When CPIR is calculated, carry out parallel computation to reduce the calculating time using Spark frameworks, the problem of solution calculating time is long.This
The secret protection search algorithm that invention is encoded based on Spark parallelizations and Huffman, it is ensured that under big data application scenarios, is protected
Protect the inquiry privacy of user and improve search efficiency under original inquiry effect.
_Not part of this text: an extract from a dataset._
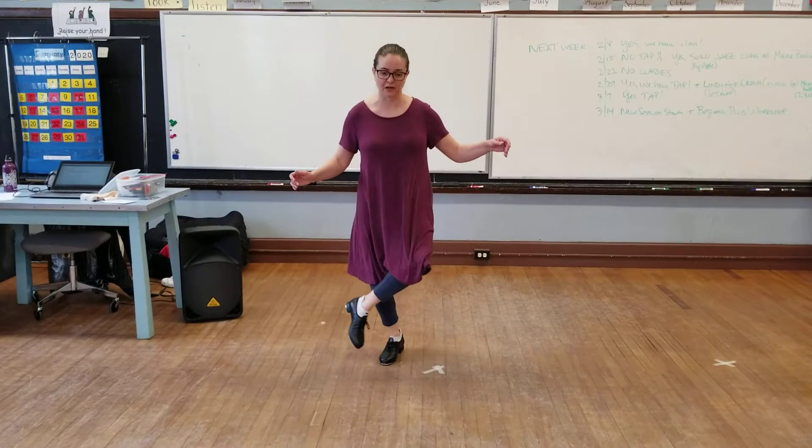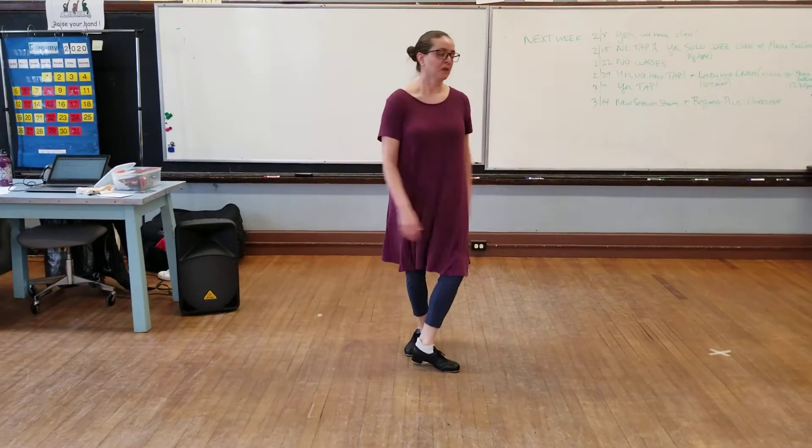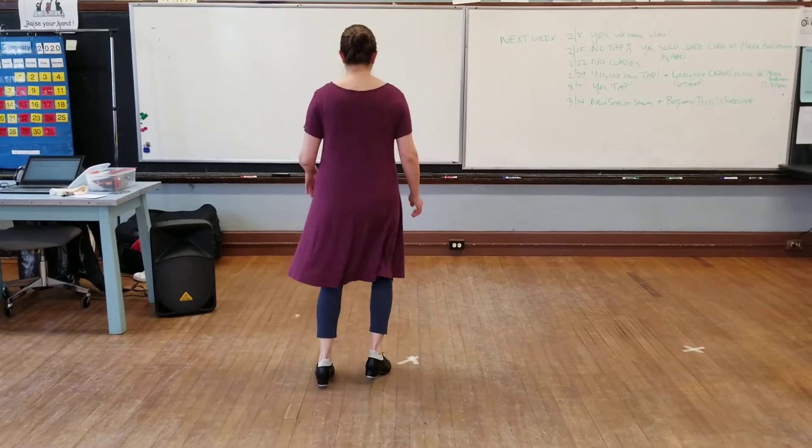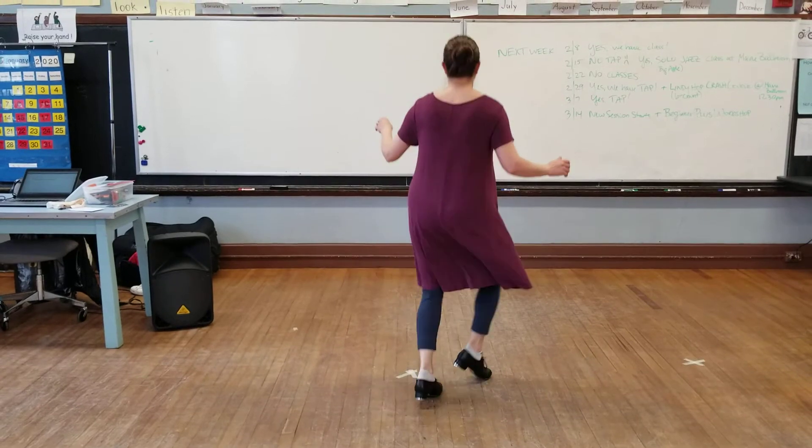So the pattern is: lead, shuffle, foot in front; lead, shuffle, change weight; lead, shuffle, change weight. The full pattern was step, step, step, step, step, step, step — back — all three.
Brief description of the drawings
Fig. 1 is the CPIR-V arest neighbors privacy protection enquiring method flows that the present invention is encoded based on Spark and Huffman
Figure;
Fig. 2 is the mesh generation schematic diagram of Voronoi diagram of the present invention;
Fig. 3 is that the service end of different mesh generations of the invention calculates average time figure, wherein, (a) is to be uniformly distributed grid
The service end of division calculates average time figure, and (b) calculates average time figure for the service end of Gaussian Profile mesh generation, and (c) is
The service end of True Data mesh generation calculates average time figure.
Embodiment
The present invention is described in detail below in conjunction with the accompanying drawings.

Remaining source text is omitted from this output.